The college application process can be daunting for many families trying to help their kids show off their best selves to admissions officials.
But with top colleges receiving more applications than ever before, some kids may need to show off their best social selves to gain an edge over the competition and some experts believe they have just the 'link' to help.
Like most teens, Matthew Martratt loves playing around on social media sites. "We use Twitter, we use Instagram. we use Facebook a lot." When he started applying to colleges, he realized he wanted a social media presence that was a little more grown up.
So he signed up for a course to help him create a professional resume on LinkedIn. "I'm highly involved in my marching band at high school, and I'm also a boy scout, so a lot of my LinkedIn is actually extracurricular activities."
While LinkedIn has long been a go-to for adult job hunters, now college-seeking high school students are flocking to the site, and for good reason. A recent study by Kaplan found 40 percent of admissions officers admit to checking social media sites. Twenty-nine percent said they Googled prospective students.
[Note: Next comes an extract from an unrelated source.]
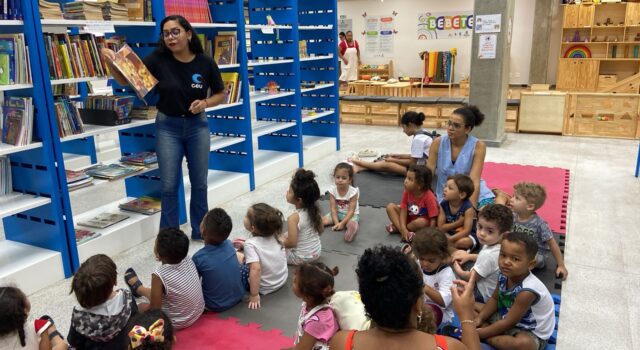 CÉu Freguesia Do Ó Biblioteca Contação De História +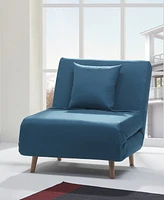 Gold Sparrow 30.7" Polyester Jamie Convertible Chair Bed, Created for Macy's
Alan Katzman is the Founder & CEO of Social Assurity. "Colleges are not looking at their social media for reasons to reject them. They're looking at their social media to find reasons to learn more about them. To accept them," he said.
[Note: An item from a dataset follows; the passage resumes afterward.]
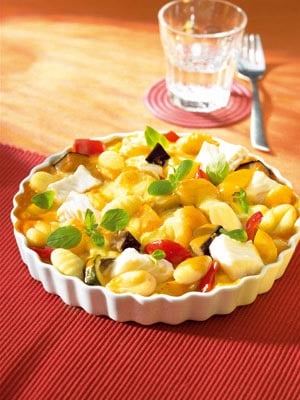 Gnocchi-Gratin Ratatouille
Katzman founded Social Assurity, which offers digital literacy classes for students. He believes LinkedIn can be key in a college search. "LinkedIn is filled with actionable resources that students can use to learn more about the colleges, to learn about where the alumni are working, what they majored in."
Patrick O'Connor, with the National Association for College Admissions Counseling agrees. "You have the potential for really creating a very positive image as well as making sure your negative image isn't there," he said.
O'Connor, a college admissions expert, says a professional site can be a great tool for students as long as they don't become too future focused. "Students may feel pressure to really perform in a certain way that limits their willingness to try out new things in high school just because it might not 'look good' on their social media account or look good to a college."
As for Matthew, he hopes to use social media to shape his future. "It's such an important part of my life. I want to be able to use it strongly. "
A few years back, LinkedIn lowered the minimum age to create a profile from 18 to 14 years old for students in the U.S.
These accounts are subject to more restrictive privacy settings in order to help keep teens safe online.